Le député perd son sang froid et, conspué, finit par quitter la salle dans la bousculade.
Non loin de là, dans la cour du bureau municipal, on aperçoit encore la terre retournée d’une fosse mal recouverte. Il y a quelques mois, pour protester et interpeller les autorités face au climat persistant d’insécurité, la population en colère a voulu y enterrer une femme tuée par des bandits armés. Début mars, la cité a participé à une opération ville morte pour réclamer le départ du contingent de l’armée (FARDC) basé sur place, après l’assassinat d’un commerçant de la place…

Agir dans la non-violence
Tous ces mouvements de colère sont le signe de l’éveil de la population observé ces dernières années dans cette région de l’est de la RD Congo. Confrontés à de longues années de guerre, les habitants se sont en effet forgé un mental fort pour pouvoir faire face à toute épreuve. À Kirumba, Kayina, Knyabayongo et dans tous les autres villages du sud du territoire de Lubero, ils n’hésitent plus à faire entendre leur voix, souvent de manière pacifique, pour que les autorités répondent à leurs attentes.
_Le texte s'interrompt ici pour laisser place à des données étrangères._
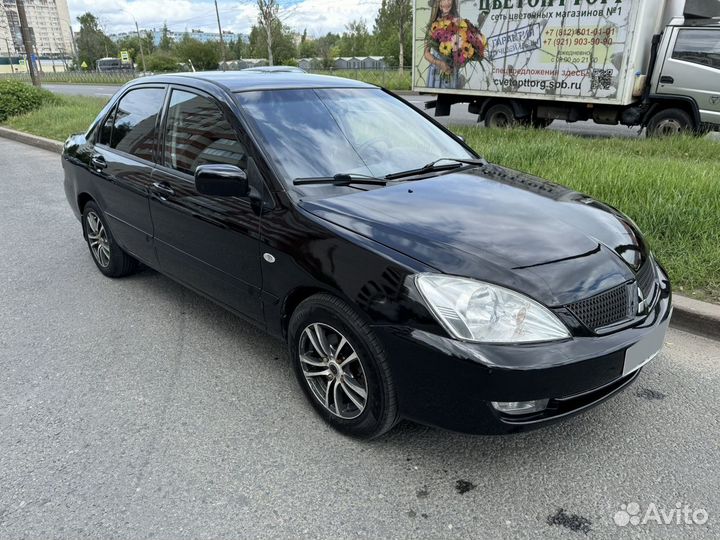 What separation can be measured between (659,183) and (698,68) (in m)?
6.31

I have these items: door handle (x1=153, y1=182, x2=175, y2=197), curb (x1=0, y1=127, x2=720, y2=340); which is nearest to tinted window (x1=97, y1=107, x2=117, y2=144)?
door handle (x1=153, y1=182, x2=175, y2=197)

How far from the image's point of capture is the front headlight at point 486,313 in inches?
87.2

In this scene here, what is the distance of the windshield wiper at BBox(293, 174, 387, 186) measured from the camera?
9.66 ft

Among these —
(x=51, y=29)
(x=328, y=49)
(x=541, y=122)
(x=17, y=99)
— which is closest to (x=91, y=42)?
(x=328, y=49)

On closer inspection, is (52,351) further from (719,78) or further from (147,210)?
(719,78)

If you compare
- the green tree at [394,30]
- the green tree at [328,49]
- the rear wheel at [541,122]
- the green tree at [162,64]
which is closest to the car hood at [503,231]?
the rear wheel at [541,122]

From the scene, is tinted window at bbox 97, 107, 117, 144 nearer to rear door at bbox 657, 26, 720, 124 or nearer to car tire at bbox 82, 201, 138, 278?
car tire at bbox 82, 201, 138, 278

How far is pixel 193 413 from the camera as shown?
9.78 ft

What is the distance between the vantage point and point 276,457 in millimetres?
2631

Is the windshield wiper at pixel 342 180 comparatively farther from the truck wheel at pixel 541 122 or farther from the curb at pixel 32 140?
the truck wheel at pixel 541 122

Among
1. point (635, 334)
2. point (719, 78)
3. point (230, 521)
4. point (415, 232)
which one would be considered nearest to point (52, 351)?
point (230, 521)

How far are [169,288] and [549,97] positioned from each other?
9.73 meters

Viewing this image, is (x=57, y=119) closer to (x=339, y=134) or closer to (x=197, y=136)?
(x=197, y=136)

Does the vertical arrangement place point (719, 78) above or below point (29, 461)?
above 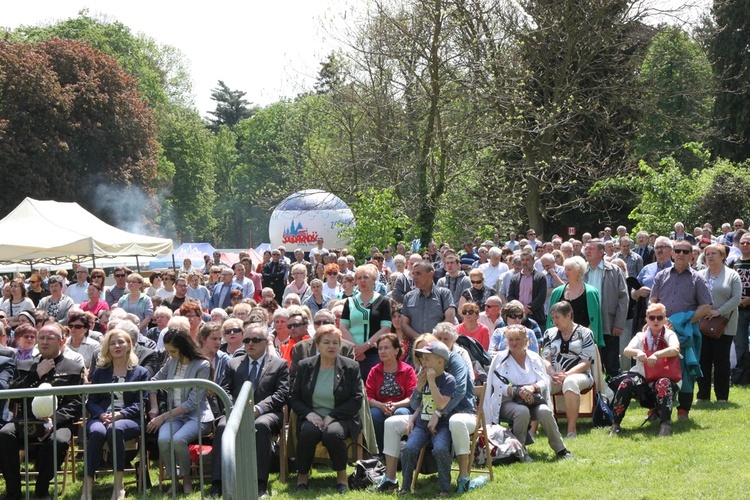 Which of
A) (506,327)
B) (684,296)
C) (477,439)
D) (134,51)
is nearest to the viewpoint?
(477,439)

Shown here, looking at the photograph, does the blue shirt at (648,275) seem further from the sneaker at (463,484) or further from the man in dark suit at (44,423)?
the man in dark suit at (44,423)

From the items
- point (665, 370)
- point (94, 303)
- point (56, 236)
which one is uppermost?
point (56, 236)

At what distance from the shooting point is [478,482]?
771 centimetres

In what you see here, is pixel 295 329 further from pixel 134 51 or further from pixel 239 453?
pixel 134 51

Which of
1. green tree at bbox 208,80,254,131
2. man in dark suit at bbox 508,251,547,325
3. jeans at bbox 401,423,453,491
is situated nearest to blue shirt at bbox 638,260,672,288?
man in dark suit at bbox 508,251,547,325

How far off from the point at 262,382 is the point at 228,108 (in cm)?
10194

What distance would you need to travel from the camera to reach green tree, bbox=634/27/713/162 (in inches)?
1163

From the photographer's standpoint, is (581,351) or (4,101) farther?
(4,101)

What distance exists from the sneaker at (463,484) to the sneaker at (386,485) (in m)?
0.56

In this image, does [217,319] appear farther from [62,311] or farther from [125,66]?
[125,66]

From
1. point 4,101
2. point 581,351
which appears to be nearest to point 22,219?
point 581,351

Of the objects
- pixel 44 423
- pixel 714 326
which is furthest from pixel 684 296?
pixel 44 423

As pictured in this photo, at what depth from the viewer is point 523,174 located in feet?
82.6

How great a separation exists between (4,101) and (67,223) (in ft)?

“On ne supporte plus que les choses se passent comme avant. Si nous avons des autorités établies, elles doivent nous assurer la sécurité, car elles sont là pour cela…”, explique ainsi Kasereka Muliwavyo, un vendeur de rues.

La présence d’hommes en armes dans cette région fortement militarisée n’est pas toujours un gage pour la sécurité des populations. Chaque mercredi soir, les membres de la coordination de la société civile locale se réunissent donc pour discuter de la situation sécuritaire de leur cité. À l’issue de ces séances, ces simples citoyens, recrutés parmi les enseignants, les étudiants ou les agriculteurs, formulent des propositions concrètes auprès des autorités. “Ces rencontres permanentes permettent d’anticiper certains événements”, explique Dady Kasay, rapporteur du comité de coordination.
Dans tous les villages où la société civile est organisée en petits noyaux, ses membres agissent de la même façon. Ils établissent des rapports sur chaque situation, les transmettent à la coordination qui décide des actions à mener. Des marches de protestation, pétitions ou grèves généralement très suivies sont organisées.

“Les populations croient en nous puisque nous mettons les pouvoirs publics devant leurs responsabilités, dans la non-violence comme la Constitution nous l’autorise”, observe Jacques Shangila, vice-président du comité.

Militer pour la population
Sur les antennes de la petite radio locale, sont diffusées des émissions sur les droits de l’homme et les valeurs civiques. Des rencontres sont aussi organisées dans la salle polyvalente. “À chaque occasion, nous faisons prendre conscience aux citoyens de leurs droits et de la nécessité de respecter les valeurs républicaines”, témoigne Dady Kasay. Quand les députés de la région viennent passer leurs vacances parlementaires, ils savent qu’ils doivent rendre compte de leur mandat aux populations qui les ont élus. “C’est un devoir de leur parler de nos activités parlementaires et c’est elles qui nous le demandent”, affirme le député Jérôme Lusenge qui dit apprendre beaucoup de choses par ces contacts.
Les activistes de la société civile, souvent traités “d’agitateurs qui cherchent le pouvoir” par les autorités locales, font de leur mieux pour que les actions qu’ils mènent restent non violentes. “Des voyous se mêlent des fois à nos manifestations pour faire des casses, mais on les dissuade vite et parfois on les arrête pour éviter que notre action ne dérape”, raconte Ézéchiel Kihongo.

“Nous militons pour la population et chaque fois que les autorités veulent nous embarquer dans leur logique, nous nous en remettons au peuple. C’est à cause de cela qu’on ne se comprend pas”, estime Dady Kasay.